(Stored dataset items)

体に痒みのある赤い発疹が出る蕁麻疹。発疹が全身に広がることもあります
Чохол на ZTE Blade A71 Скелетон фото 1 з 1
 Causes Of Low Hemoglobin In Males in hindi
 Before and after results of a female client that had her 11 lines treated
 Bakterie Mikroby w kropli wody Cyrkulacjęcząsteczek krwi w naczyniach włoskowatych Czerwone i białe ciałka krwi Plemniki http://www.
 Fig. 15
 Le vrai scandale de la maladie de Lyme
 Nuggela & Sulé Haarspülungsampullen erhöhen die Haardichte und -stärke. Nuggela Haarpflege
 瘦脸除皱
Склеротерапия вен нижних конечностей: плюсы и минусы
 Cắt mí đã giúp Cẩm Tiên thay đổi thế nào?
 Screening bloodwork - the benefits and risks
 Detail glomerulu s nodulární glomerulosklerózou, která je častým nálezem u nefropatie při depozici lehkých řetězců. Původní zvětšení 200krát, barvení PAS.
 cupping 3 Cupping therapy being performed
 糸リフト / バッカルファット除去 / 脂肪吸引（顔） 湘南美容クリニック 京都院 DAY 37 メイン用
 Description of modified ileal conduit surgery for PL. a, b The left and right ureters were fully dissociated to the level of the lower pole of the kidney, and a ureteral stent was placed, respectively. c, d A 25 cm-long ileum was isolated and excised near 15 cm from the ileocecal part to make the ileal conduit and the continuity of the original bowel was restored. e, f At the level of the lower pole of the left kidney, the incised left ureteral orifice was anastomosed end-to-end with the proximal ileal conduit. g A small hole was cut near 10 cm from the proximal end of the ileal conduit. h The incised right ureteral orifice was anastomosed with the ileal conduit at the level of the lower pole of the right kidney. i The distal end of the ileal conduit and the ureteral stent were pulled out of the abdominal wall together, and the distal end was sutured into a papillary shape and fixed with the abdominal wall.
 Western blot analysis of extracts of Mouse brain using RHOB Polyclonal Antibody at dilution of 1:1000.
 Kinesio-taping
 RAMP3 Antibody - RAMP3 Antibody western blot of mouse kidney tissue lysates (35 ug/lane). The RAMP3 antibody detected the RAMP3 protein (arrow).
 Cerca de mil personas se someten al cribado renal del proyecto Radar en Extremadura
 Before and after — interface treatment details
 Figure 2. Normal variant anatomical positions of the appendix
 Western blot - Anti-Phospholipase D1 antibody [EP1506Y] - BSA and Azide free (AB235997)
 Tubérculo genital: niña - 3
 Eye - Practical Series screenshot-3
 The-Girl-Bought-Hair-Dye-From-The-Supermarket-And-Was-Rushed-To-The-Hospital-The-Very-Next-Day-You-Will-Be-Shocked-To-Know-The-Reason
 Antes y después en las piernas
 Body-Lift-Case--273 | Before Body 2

(The task): Please retype, with no changes, the lines that run from the first line of the entries to the line with "糸リフト / バッカルファット除去", both ends included.

(Answer to the problem):
体に痒みのある赤い発疹が出る蕁麻疹。発疹が全身に広がることもあります
Чохол на ZTE Blade A71 Скелетон фото 1 з 1
 Causes Of Low Hemoglobin In Males in hindi
 Before and after results of a female client that had her 11 lines treated
 Bakterie Mikroby w kropli wody Cyrkulacjęcząsteczek krwi w naczyniach włoskowatych Czerwone i białe ciałka krwi Plemniki http://www.
 Fig. 15
 Le vrai scandale de la maladie de Lyme
 Nuggela & Sulé Haarspülungsampullen erhöhen die Haardichte und -stärke. Nuggela Haarpflege
 瘦脸除皱
Склеротерапия вен нижних конечностей: плюсы и минусы
 Cắt mí đã giúp Cẩm Tiên thay đổi thế nào?
 Screening bloodwork - the benefits and risks
 Detail glomerulu s nodulární glomerulosklerózou, která je častým nálezem u nefropatie při depozici lehkých řetězců. Původní zvětšení 200krát, barvení PAS.
 cupping 3 Cupping therapy being performed
 糸リフト / バッカルファット除去 / 脂肪吸引（顔） 湘南美容クリニック 京都院 DAY 37 メイン用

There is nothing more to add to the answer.